# Free throw Probability [duplicate]

Suppose a basketball player has an 80 percent chance of making a free throw. He has been fouled, and has two free throws. If a free throw is made, its counts as one point. Let $X$ and $Y$ be the number of points from the first and second free throw respectively. Figure out the joint probabilities for $X$ and $Y$, the expected number of points from the two free throws, and the variance for this number of points, when:

a) each free throw is an independent event

b) $P(Y=1\mid X=1)=0.9$ and $P(Y=1\mid X=0)=0.4$ so that making the first free throw raises the probability of making the second free throw.

So I've pretty much done part a but the only thing I'm confused about is when I find the expected number of points from the two free throws its less than 1. Should it be that way?
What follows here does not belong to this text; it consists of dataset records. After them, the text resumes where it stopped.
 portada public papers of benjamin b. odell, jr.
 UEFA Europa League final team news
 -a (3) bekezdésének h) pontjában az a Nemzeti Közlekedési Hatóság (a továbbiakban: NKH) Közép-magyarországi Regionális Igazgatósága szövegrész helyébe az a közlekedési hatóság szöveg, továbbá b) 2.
Than, for part b it only gives me two of the probabilities and I'm a little confused about how to find the other two. I tried setting it up into a two by two box with X values on top and Y values on the side but still couldn't figure that out. Any input would be appreciated. Thanks!

-

## marked as duplicate by apnorton, AlexR, amWhy, ᴡᴏʀᴅs, RecklessReckonerJul 17 '14 at 17:40

This question was marked as an exact duplicate of an existing question.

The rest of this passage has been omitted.